The expected result is an exact restatement of the data, free of pictures.

**DATA BLOCK:**
• • •

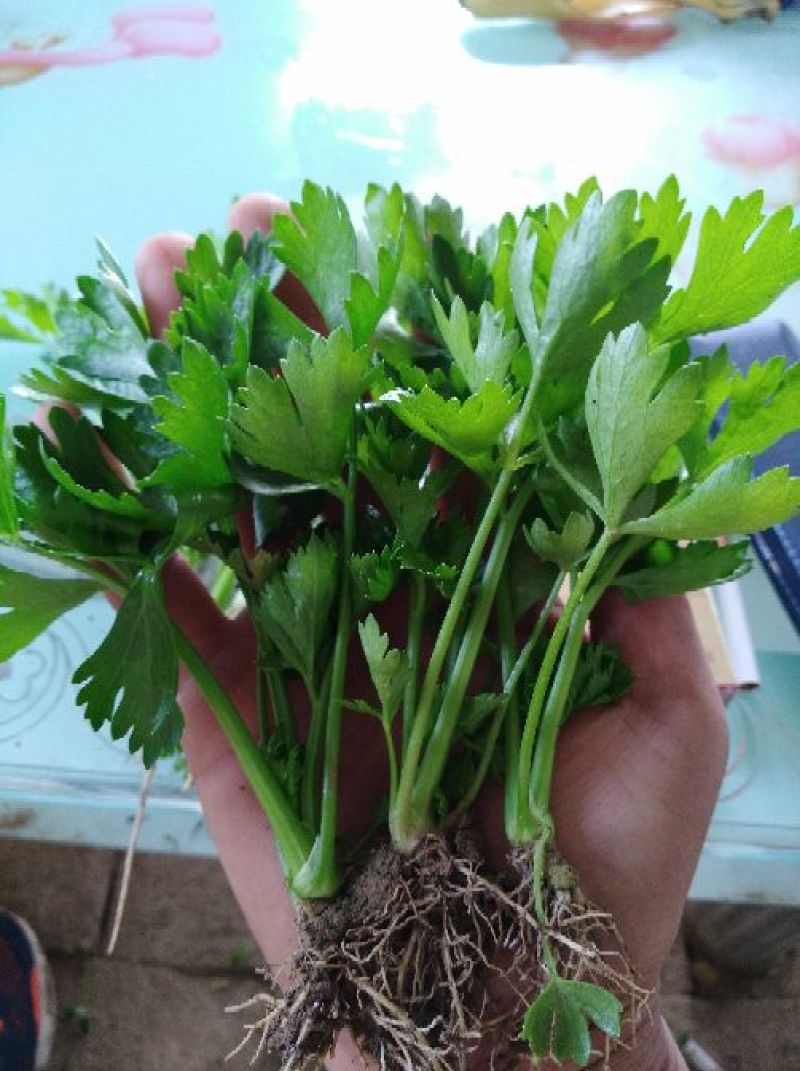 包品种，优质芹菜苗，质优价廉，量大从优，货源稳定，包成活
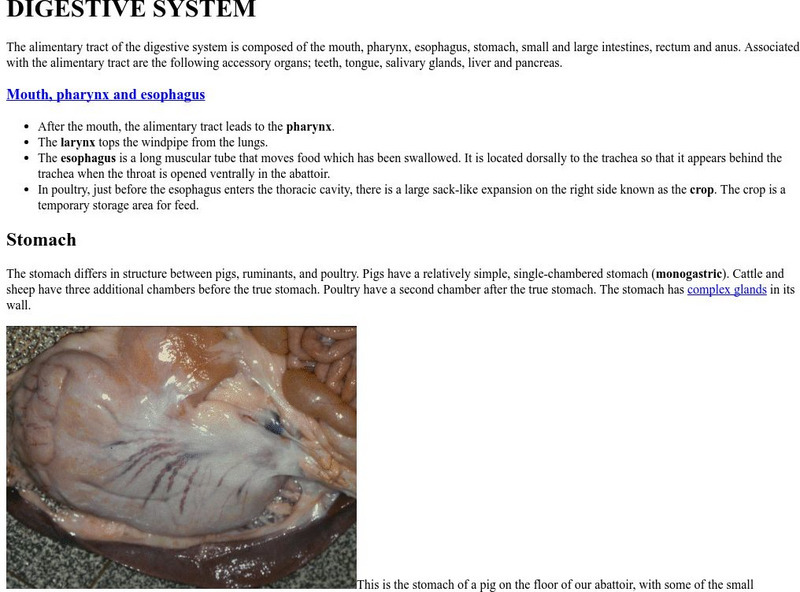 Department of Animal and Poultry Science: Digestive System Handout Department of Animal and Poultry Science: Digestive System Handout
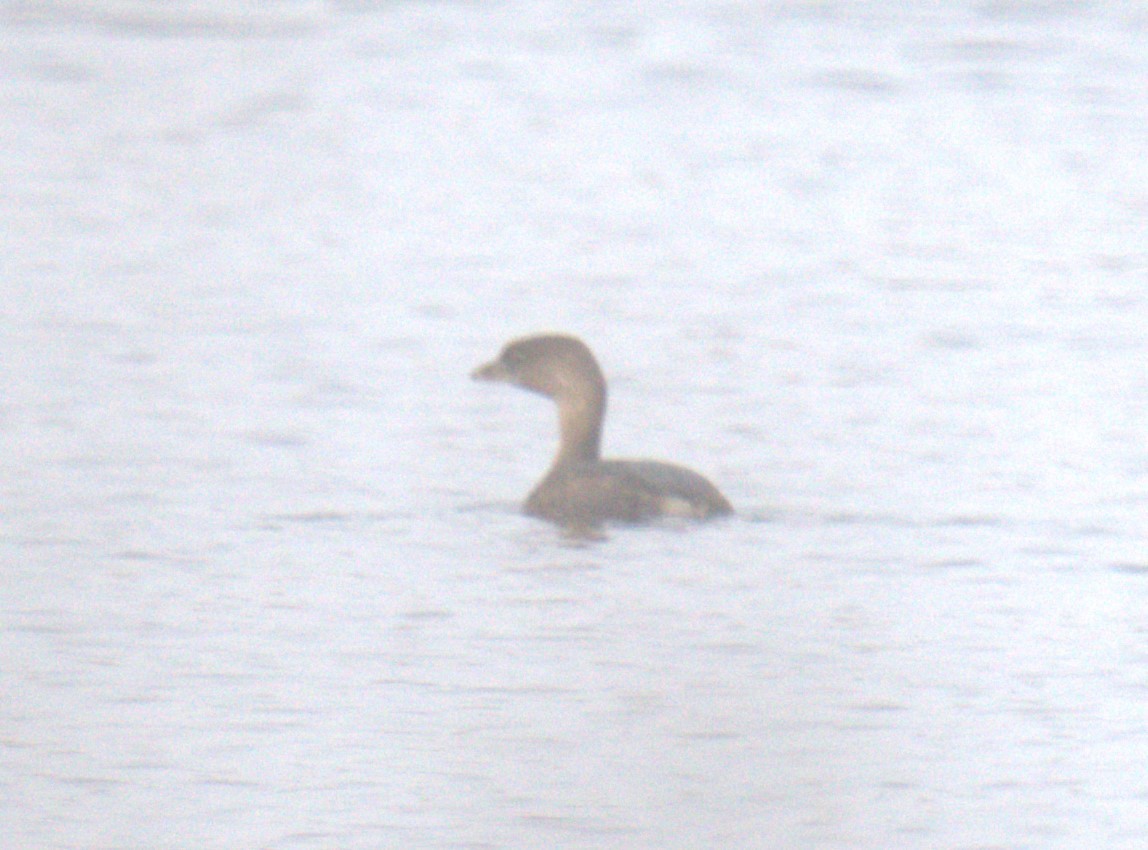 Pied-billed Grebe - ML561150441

• • •

**FINISHED EXERCISE:**
 包品种，优质芹菜苗，质优价廉，量大从优，货源稳定，包成活
 Department of Animal and Poultry Science: Digestive System Handout Department of Animal and Poultry Science: Digestive System Handout
 Pied-billed Grebe - ML561150441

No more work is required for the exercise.